Although the listing contains pictures, reproduce only its text, exactly as written.

RECORDED INFORMATION —
-.-.-
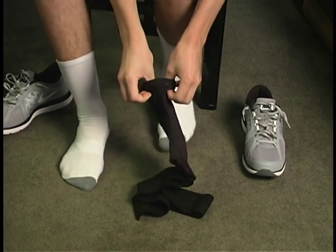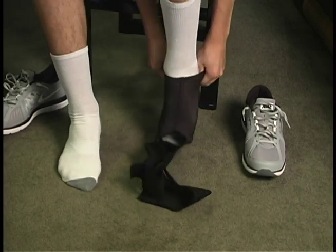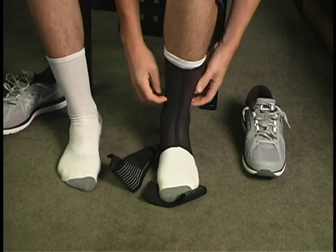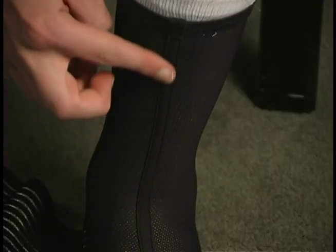Pull the support onto the foot until the heel fits into the heel hole. Adjust so that the front seam is centered.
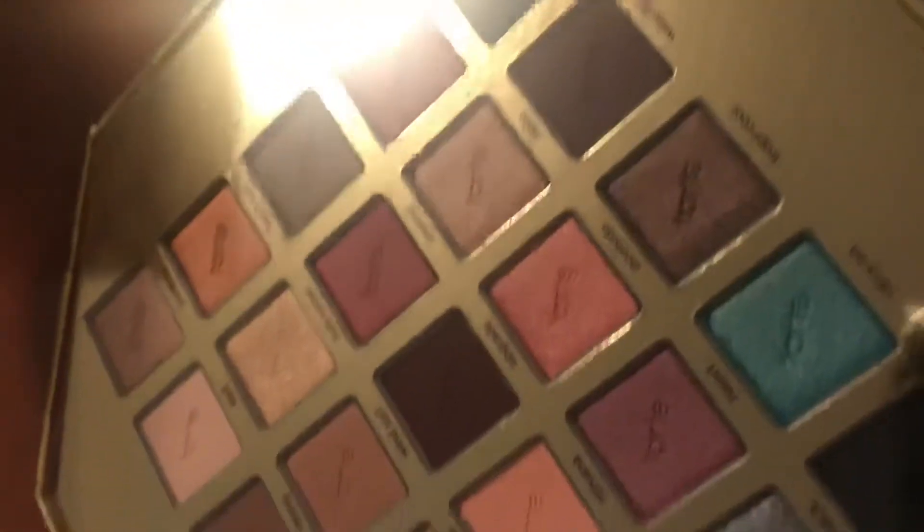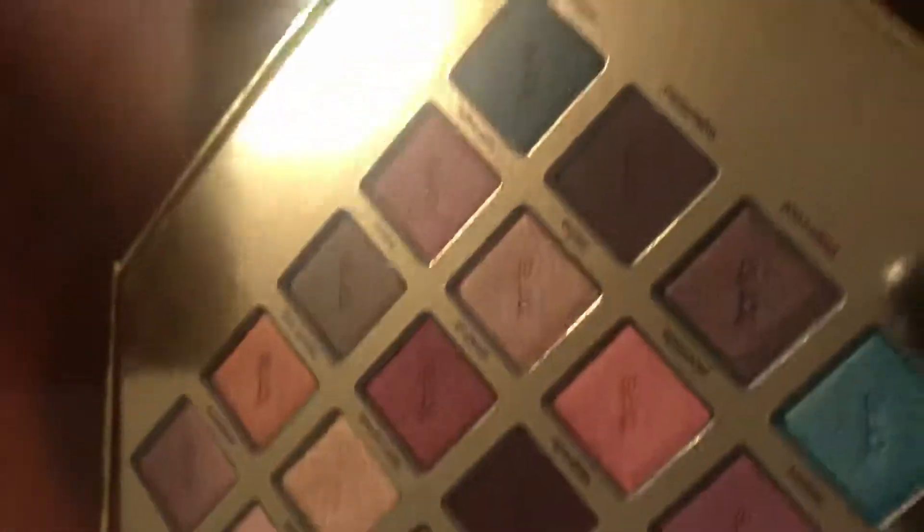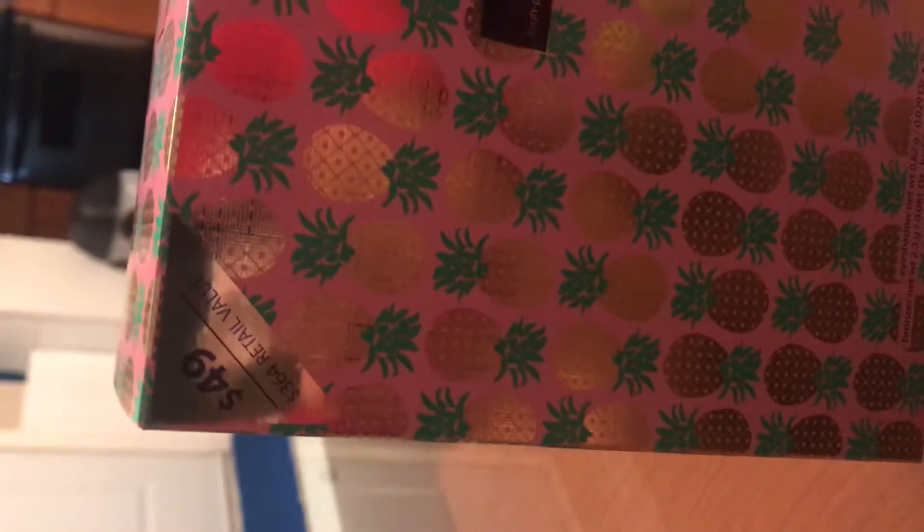But the colors are so pretty. I haven't swatched it yet — maybe if you watch this video I will swatch it for you guys. For the price of $49 American, so around $60 Canadian, it's not so bad at all.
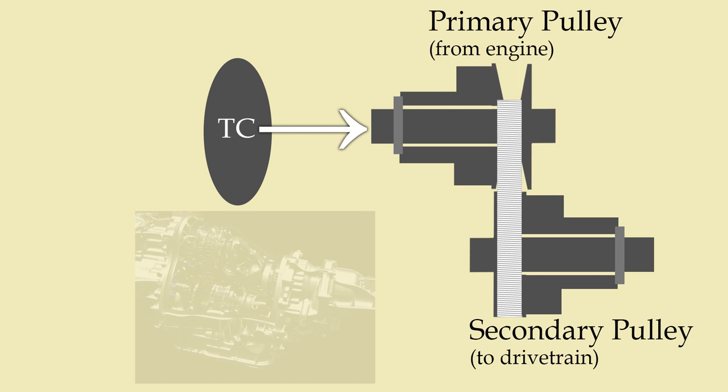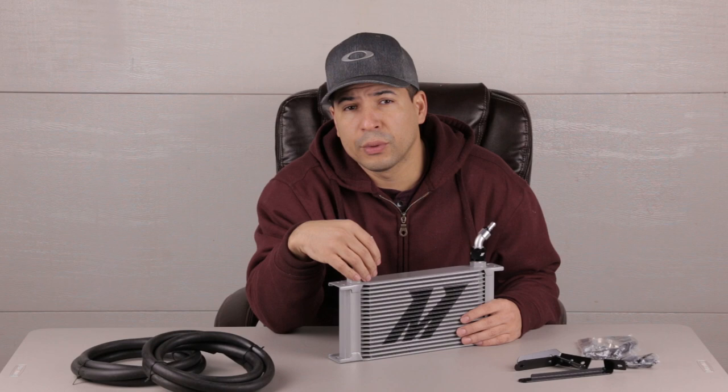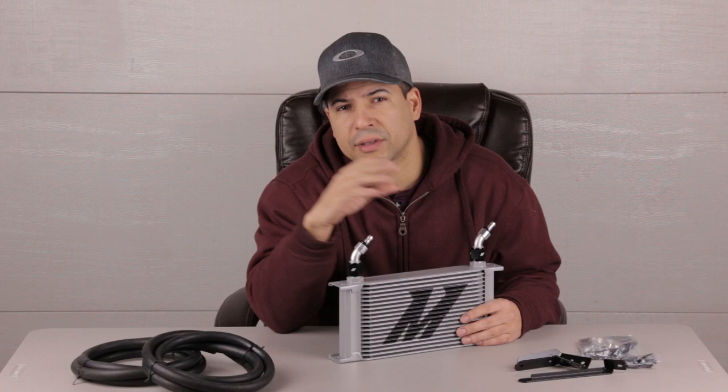The CVT operates with two pulleys driving a high-torque chain, so those pulleys need enough clamping force so that the chain doesn't slip. This is an important difference between CVTs and traditional transmissions. The colder the CVT fluid, the higher its viscosity, which robs the engine of power and makes for clunky operation — partly because of the frictional characteristics of the colder fluid and partly because of delayed torque converter lockup, which also decreases gas mileage.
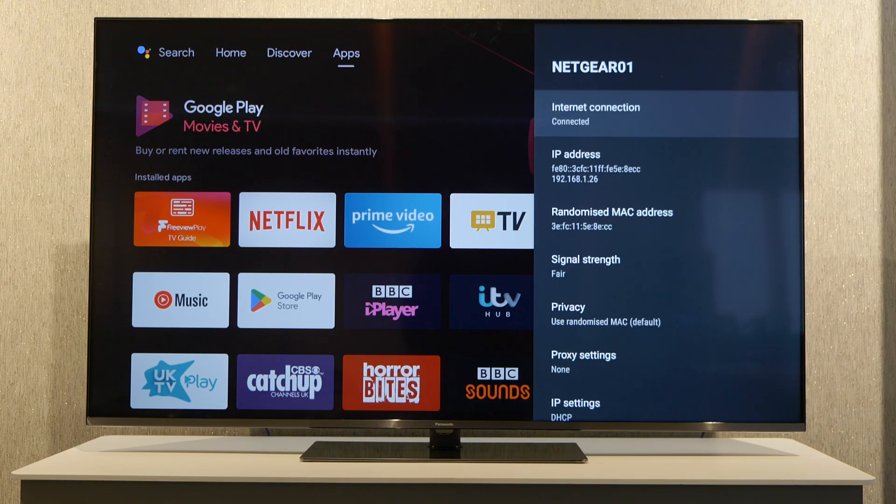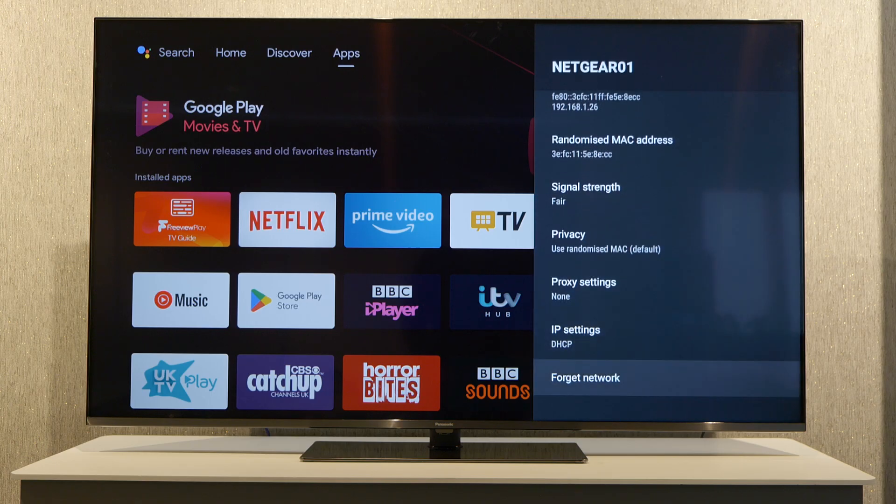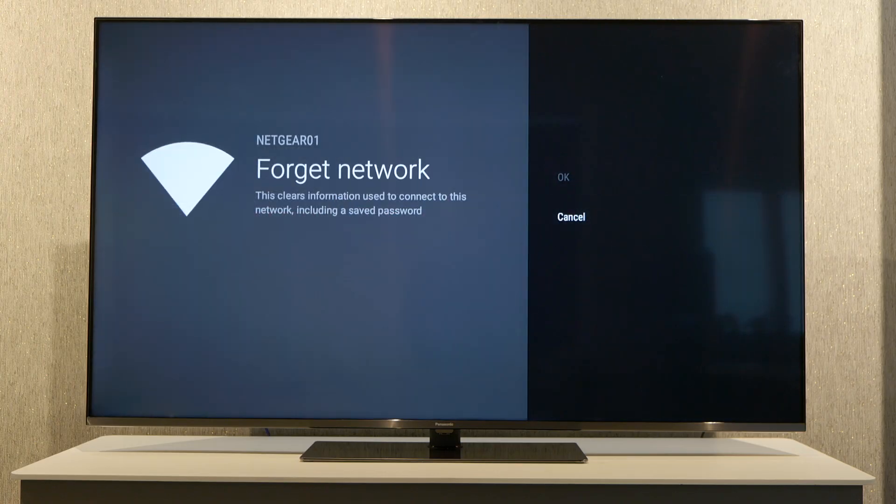Select that with OK. We can see we have an internet connection, we can see the IP address, and more information. The last option here is Forget Network. We can select this, and this means that we are going to disconnect from this particular network and have the possibility to connect to another one.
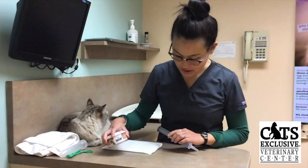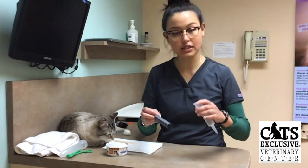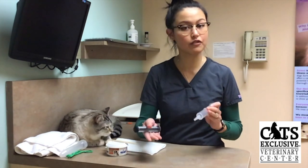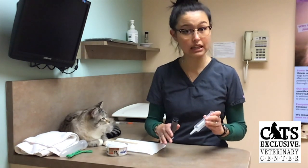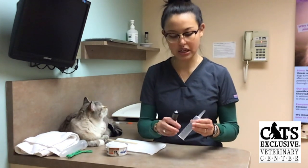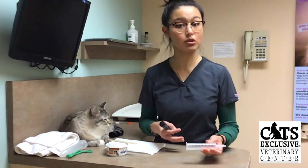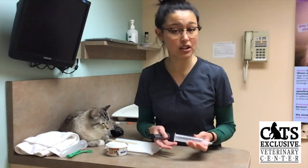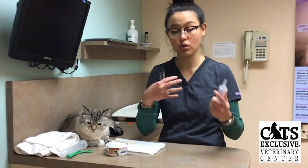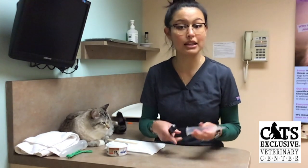We typically recommend syringe feeding with a food called AD. The reason we like it is because it's very smooth, so it goes into the syringe very well and feeds out of the syringe very easily, and it tends to be pretty high calorie. So even if your cat's not eating a ton in terms of volume, they're still getting a good amount of calories, and they tend to find it pretty tasty. So even though you are syringe feeding them, if it tastes good, they don't tend to mind it as much.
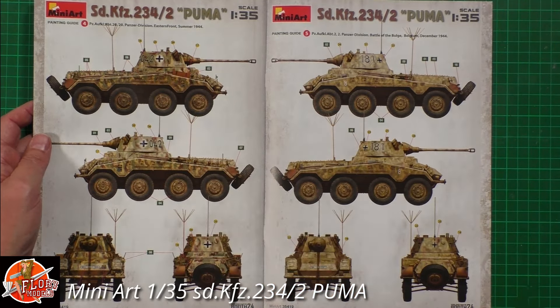Looking at sprue C — lots of detail throughout, mirroring left and right. We've got an MG, either a 32 or 42, down in there, more stowage equipment. Really small parts but beautifully molded with no flash around any of them. There's a seat, a shovel, headlights, and various tools. Looking very nice. We've got two of sprue C.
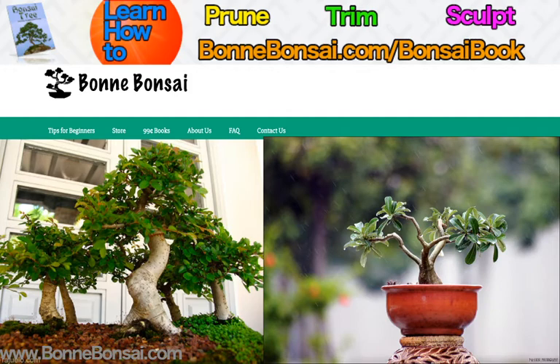Then you have the Windswept, or the Fukinagashi. A windswept tree represents a tree that has been growing in a certain shape due to natural elements. Often caused by strong wind, the trunk is always inclined in a certain direction and all the branches have grown on the same side.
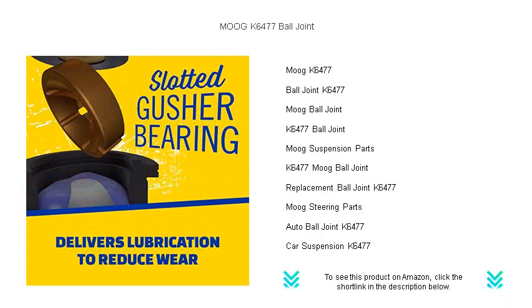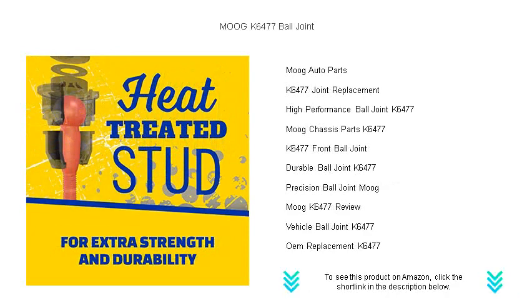Its innovative powdered metal gusher bearing, paired with Moog's exclusive problem-solver technology, ensures a secure fit and effortless steering. With an easy-to-install design, it's perfect for both DIY enthusiasts and professional technicians.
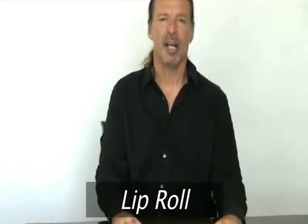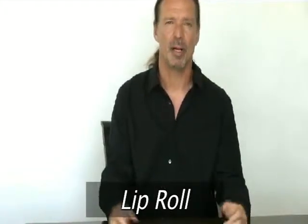Okay, the lip roll. A lot of people get really caught up on one exercise. Guys, have the confidence to know that it's not one exercise that's going to save you or make or break whether or not you're a great singer. These are all little things that all add up to big things, but one specific thing in and of itself shouldn't hang you up so much to get frustrated.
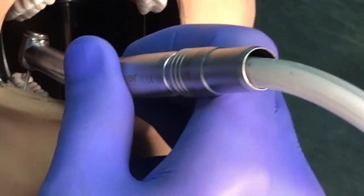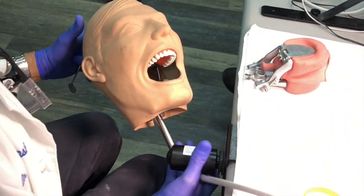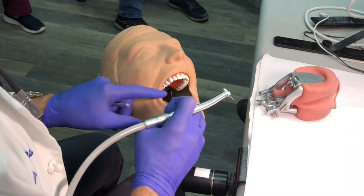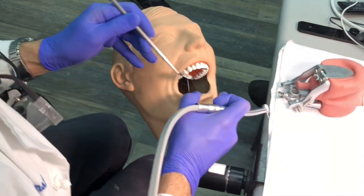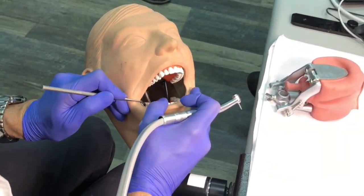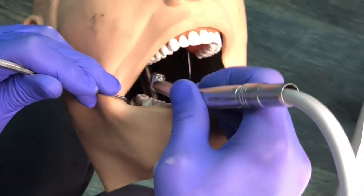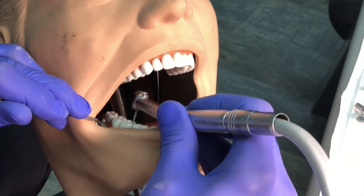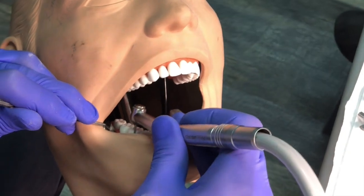Once I have as much lingual view as I can get, I can move to the nine o'clock position. Have the patient tip just 30 degrees — not 45, just a little bit — and you have a significant advantage. Now I retract with the mirror, use the handpiece with a finger rest, and do the buccal and interproximal using direct vision. It's amazing — I can access the second molar and even the third molar like this.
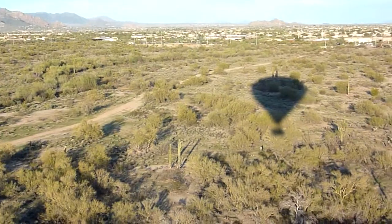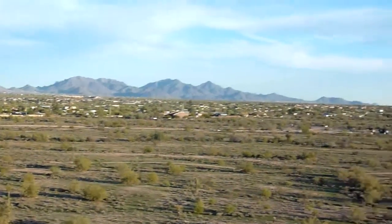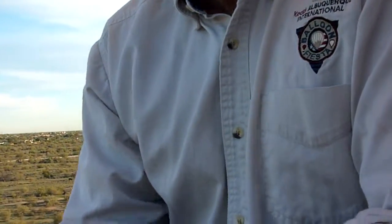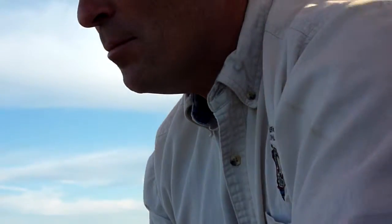Looks like a rattlesnake. Wow, you're on video. Hey, how you doing? We're going to find a Dairy Queen out here. Yes, yes we are.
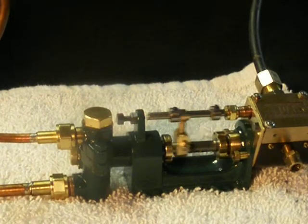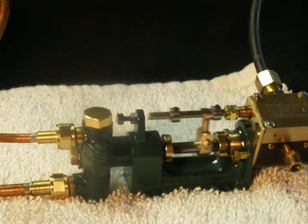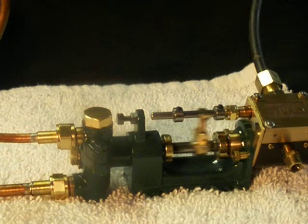Well, the next time I show this pump, I hope it's connected to a little vertical fire tube boiler. Until next time.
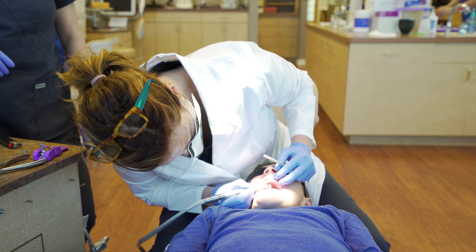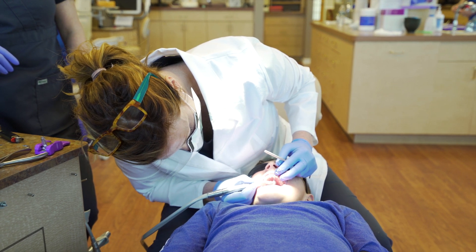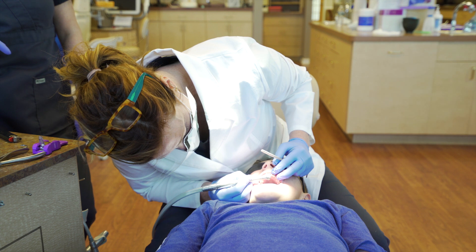Here we are sculpting the bite blocks to feel even and to the proper height so the back teeth are just slightly separated.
-.-.-
RESPONSE BOX —
Pull the support onto the foot until the heel fits into the heel hole. Adjust so that the front seam is centered.
But the colors are so pretty. I haven't swatched it yet — maybe if you watch this video I will swatch it for you guys. For the price of $49 American, so around $60 Canadian, it's not so bad at all.
The CVT operates with two pulleys driving a high-torque chain, so those pulleys need enough clamping force so that the chain doesn't slip. This is an important difference between CVTs and traditional transmissions. The colder the CVT fluid, the higher its viscosity, which robs the engine of power and makes for clunky operation — partly because of the frictional characteristics of the colder fluid and partly because of delayed torque converter lockup, which also decreases gas mileage.
Select that with OK. We can see we have an internet connection, we can see the IP address, and more information. The last option here is Forget Network. We can select this, and this means that we are going to disconnect from this particular network and have the possibility to connect to another one.
We typically recommend syringe feeding with a food called AD. The reason we like it is because it's very smooth, so it goes into the syringe very well and feeds out of the syringe very easily, and it tends to be pretty high calorie. So even if your cat's not eating a ton in terms of volume, they're still getting a good amount of calories, and they tend to find it pretty tasty. So even though you are syringe feeding them, if it tastes good, they don't tend to mind it as much.
Looking at sprue C — lots of detail throughout, mirroring left and right. We've got an MG, either a 32 or 42, down in there, more stowage equipment. Really small parts but beautifully molded with no flash around any of them. There's a seat, a shovel, headlights, and various tools. Looking very nice. We've got two of sprue C.
Then you have the Windswept, or the Fukinagashi. A windswept tree represents a tree that has been growing in a certain shape due to natural elements. Often caused by strong wind, the trunk is always inclined in a certain direction and all the branches have grown on the same side.
Its innovative powdered metal gusher bearing, paired with Moog's exclusive problem-solver technology, ensures a secure fit and effortless steering. With an easy-to-install design, it's perfect for both DIY enthusiasts and professional technicians.
Okay, the lip roll. A lot of people get really caught up on one exercise. Guys, have the confidence to know that it's not one exercise that's going to save you or make or break whether or not you're a great singer. These are all little things that all add up to big things, but one specific thing in and of itself shouldn't hang you up so much to get frustrated.
Once I have as much lingual view as I can get, I can move to the nine o'clock position. Have the patient tip just 30 degrees — not 45, just a little bit — and you have a significant advantage. Now I retract with the mirror, use the handpiece with a finger rest, and do the buccal and interproximal using direct vision. It's amazing — I can access the second molar and even the third molar like this.
Looks like a rattlesnake. Wow, you're on video. Hey, how you doing? We're going to find a Dairy Queen out here. Yes, yes we are.
Well, the next time I show this pump, I hope it's connected to a little vertical fire tube boiler. Until next time.
Here we are sculpting the bite blocks to feel even and to the proper height so the back teeth are just slightly separated.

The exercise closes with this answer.